Yesterday was Papaw Ralph's funeral. It was a typical two-part ceremony — one part in the funeral home and one at the cemetery. Both parts were punctuated with religious words, and perhaps for some, those words provided a satiny smooth comfort. They really didn't do anything for me. However, I don't hold it against anyone who needs to hear those words, as long as they don't hold it against me for being an unrecoverable black sheep. There was, in fact, a surprisingly large flock of black sheep, eyes open and darting around during the prayers, searching out other secular folk and finding them.

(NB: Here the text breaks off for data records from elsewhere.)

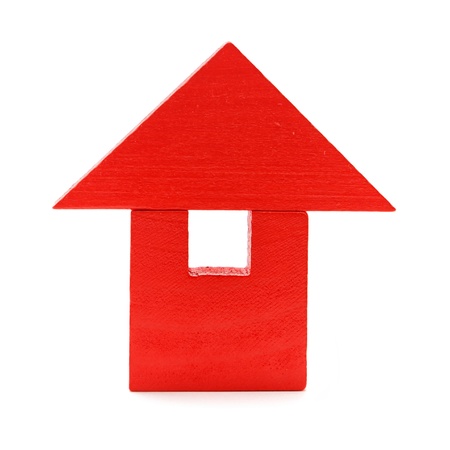 Red toy house. Element of design. の写真素材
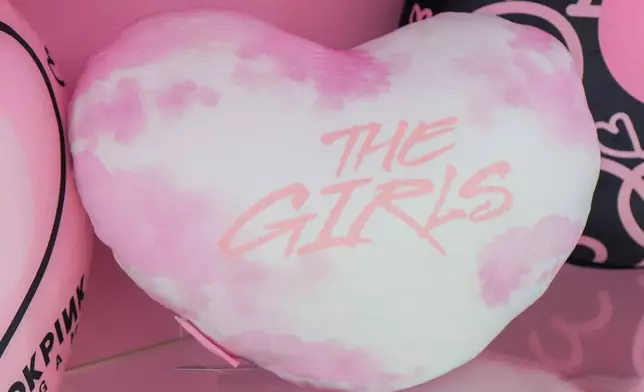 香港首賣！「BPTG」THE GIRLS心形抱枕。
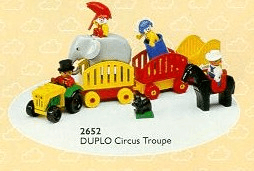 LEGO Circus Caravan (2652-1) set, 1988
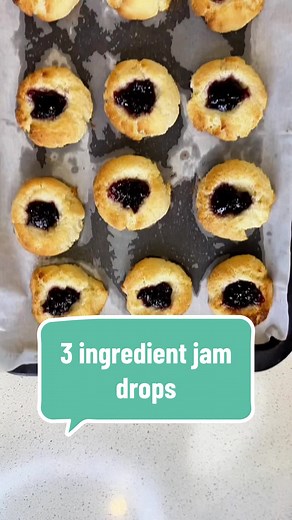 Easy 3-Ingredient Coconut Jam Drops Recipe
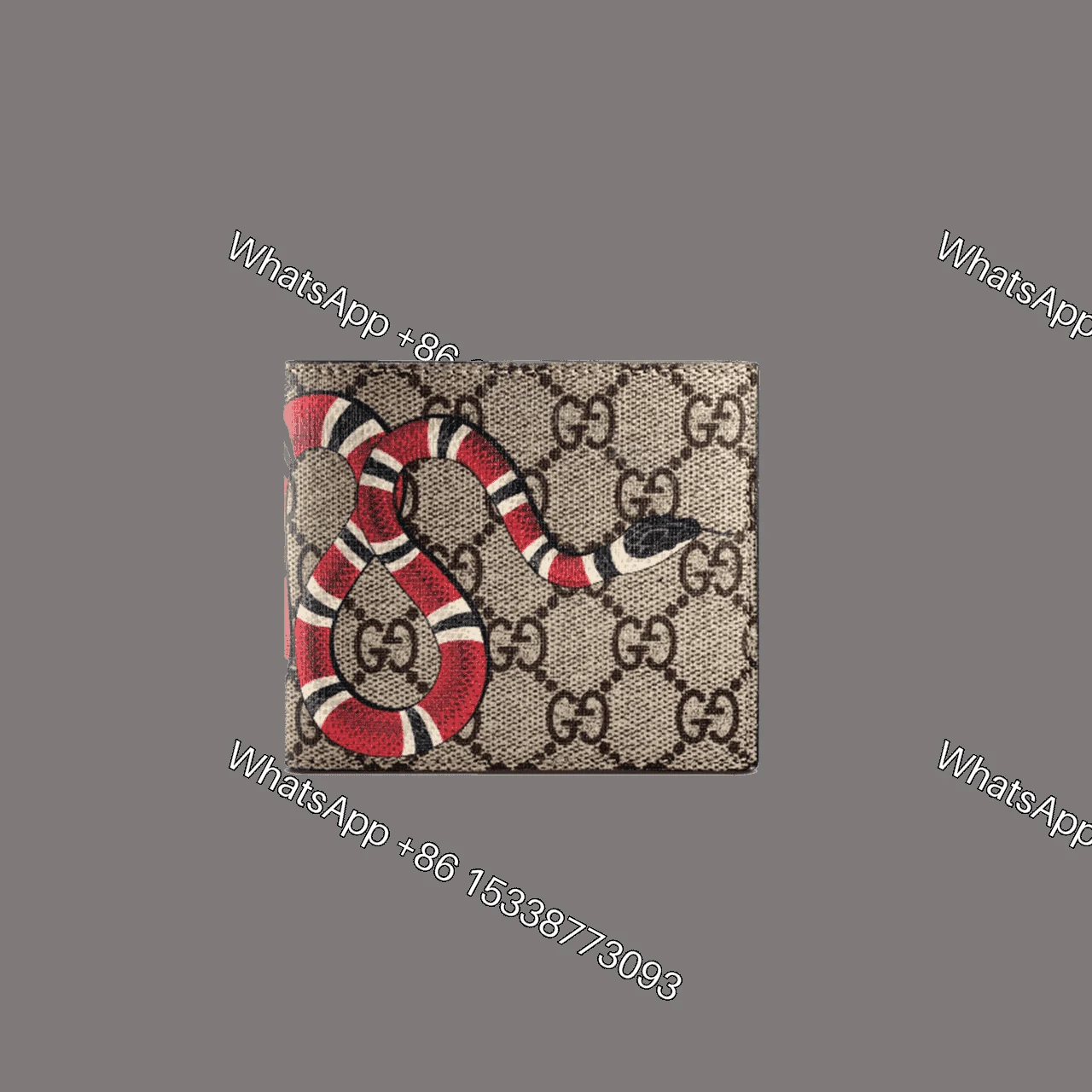 GUCCI KINGSNAKE PRINT GG SUPREME WALLET — view 1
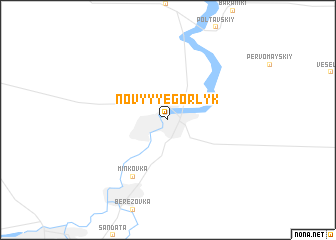 map of Novyy Yegorlyk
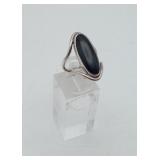 Sterling Silver Black Onyx Ring Like New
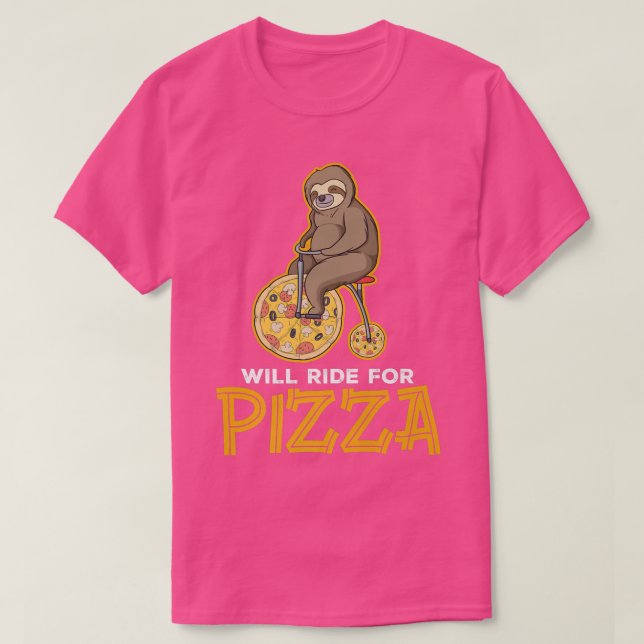 T-shirt Se Rendre À La Pizza  (Design devant)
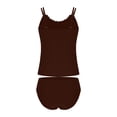 thumbnail image 3 of BSDJILFG Tankini Sets for Women 2026 Modest Swimsuits,High Waisted Lettuce Trim Tankini Top with Seamless Underwear, 3 of 5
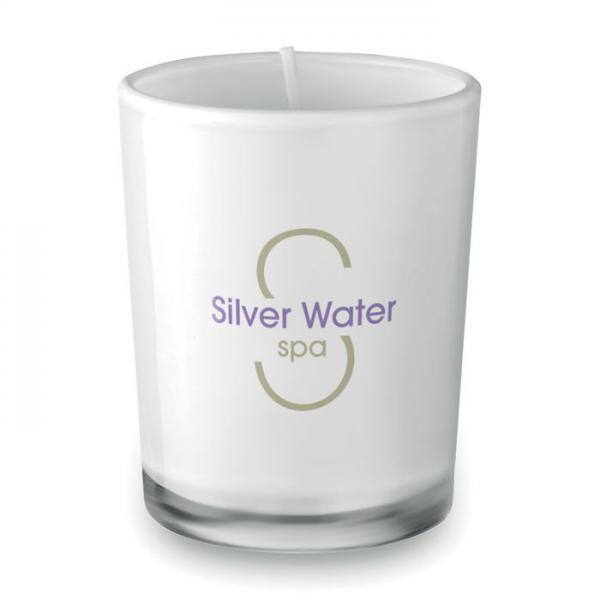 Selight fragranced small candle in colored glass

Papaw was a World War II vet and he earned the Bronze Star. I have seen, separately, the three-volley salute, roll call, flag presentation, and Taps at funerals — but yesterday was the first time I've ever seen them all together. It was an impressive display and a moving tribute. I think the part that touched me the most was seeing this giant soldier probably half my age and twice my size kneel down in front of Nanny, wheelchair-bound and sobbing, and present her with the American flag from Papaw's casket folded up into a triangle. I don't think there was a dry eye in the place.
November is over, and a period of heavy rain has moved in. When it leaves, the temperature is going to drop. We're in the yo-yo of late fall when it flips from sixty degrees to thirty degrees in a twenty-four hour period. Yesterday was beautiful, but windy and cool in Beckley, even more so at the cemetery.
I made my quota for NaNoWriMo. The storyline is nowhere near done, but I'm going to take a break from it for awhile. Maybe in a week I'll look it over and get things in the order they're supposed to be in, then maybe in a month or so I'll drag it out and start smoothing things over some, filling in the weak parts and reworking what needs to be reworked. It's nowhere near being called a "novel" at this point, but it's a hell of a lot closer than I've ever gotten before... and I think it's a pretty good story. (Though I'll fully admit being biased.)
About eight months ago I took a chance on a temporary job in the hopes it would become a reliable full-time position. As of last week, it has — and it has for my office mate as well, who it turns out is a pretty cool fellow. I've felt an uncertainty over the last few months, because I knew the hours for the temporary position were running out and something needed to happen soon. Thankfully that uncertainty has now ended. I want it documented, for my future reference, that I took a leap of faith and it paid off.
Overall, though, I'm glad this month is over — goodbye November, begone with ye!